Much has dazzled me but one thing that has impressed me the most is something it does not have - leaf-blowers. The bane of my existence back in Vancouver, Canada, is the leaf-blower and it annoys me on every possible level.
Those foul, noisy, pointless creations are as useful as mudflap on a speedboat.
I'm not saying Beijing is a peaceful oasis. Noise-wise, the city is on a par with the front five rows of an AC/DC concert. But, the honking horns, clattering construction and even the sound of petrol-powered grass mowers chomping park lawns are nothing compared to the awfulness of the wailing leaf-blower.
Indeed, with a world jammed full of problems, I admit to being a little disappointed with myself for making the leaf-blower the thing that has annoyed me.
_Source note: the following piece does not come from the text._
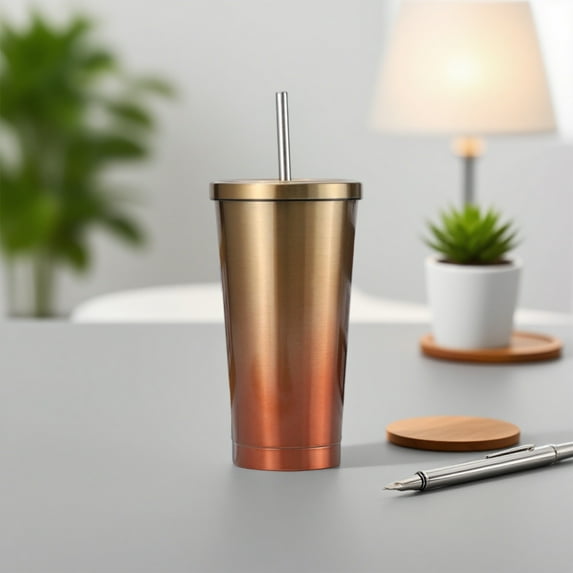 PONPRNGY Tumbler Double Wall Vacuum Insulated Travel Glitter Mug,Stainless Steel Tumblers with Lid and Straw, Powder Coated Coffee Cups for Woman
Back home, I couldn't take my dog for a walk without her being scared half to death by someone wielding a leaf-blower like a weapon. A stroll with my daughter in her pram was incomplete without the need to duck great clouds of leaves, dust and garbage blasted off the sidewalk.
I grew to hate the machines also because they often jolted me from a train of potentially deep thought.
My anger toward the petrol-powered pests has been compounded by the fact that they do so little good. Whatever is blown in one direction will be surely blown back by Mother Nature.
It was a great relief to read recently that environmentalists figured out that each machine pumps out as much pollution in one year as 80 cars, each driven for 12,500 miles.